Despite being in limelight since the age of 13, actor Rekha remains the eternal enigma, reports, Shashi Baliga.
None | By Hindustan Times
UPDATED ON AUG 06, 2006 04:26 PM IST

Diva is what they like to call her. “A clichéd image of a star, just as we have clichéd images of politicians,” she says. “It sounds very glamorous, very mysterious but it’s not something I’ve worked towards. It’s just the way journalists have presented me.” But she admits, “I can understand why people call me that. It depends on how much information they have about me.”

For that, you could place the blame at Rekha’s doorstep. Though you’d find it near impossible to access. Go down Mumbai’s Bandra Bandstand, and almost at the midpoint between Salman Khan’s house and Shah Rukh Khan’s mansion, sits Rekha’s bungalow. Everyone knows Galaxy Apartments, where Salman Khan will even make an appearance in his balcony from time to time. Mannat always has a clutch of fans outside and a steady stream of visitors making its way in to meet Shah Rukh Khan.

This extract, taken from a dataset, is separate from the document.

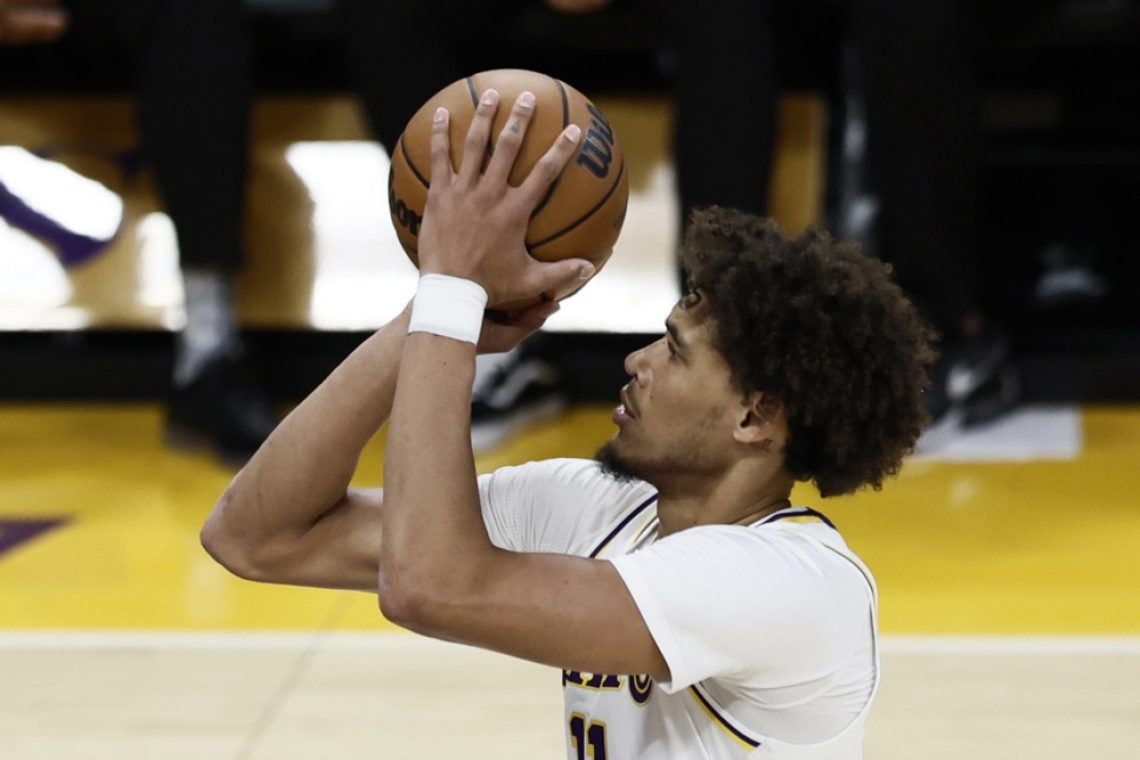Milwaukee Bucks in LA Lakers v polfinale medsezonskega pokala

But not too many could point out Rekha’s bungalow to you. For, all that’s visible of it from the roadside is a thick barricade of bamboo and foliage. Few have been inside Rekha’s home; indeed, many close friends in the industry have not been granted the privilege.

“I choose whom I want to invite; that’s my prerogative,” she says, not with arrogance but firmness. “It’s not an open house.”

She tells you why. “For one, I’m a single woman. Two, I’m a celebrity; there’s a security problem there. And three, believe it or not, I’m really very shy. I don’t meet too many people. I don’t like socialising, I don’t go to so-called happening places, I’m not a globetrotter. When I get back home, I prefer to listen to some music, be with myself, do things that matter to me and get to sleep at my regular time. Even though there’s nobody to say anything to me if I want to go wild or run off to France for a rendezvous with someone special or dance till 4 in the morning.”

Naturally, I ask, have you done any of that? “I’m not about to say that in print, even if I have,” she laughs. But adds, “It’s so boring to be a saint; none of us are. I have a very fun, interesting life.”

She leans forward, her tone quickening ever so slightly. “I’ve worked very, very hard to be in this situation. No one has ever provided for me. I’ve been the sole earning member of the family since I was 13 and my independence is the most powerful gift I’ve given myself. I don’t have to be answerable to anyone except myself. Just imagine someone with a whip dancing on your head all the time.”

I find myself laughing involuntarily at the imagery her words conjure up; she laughs too. The mood is broken, the moment changes, she sits back. Re-ties her hair in a topknot.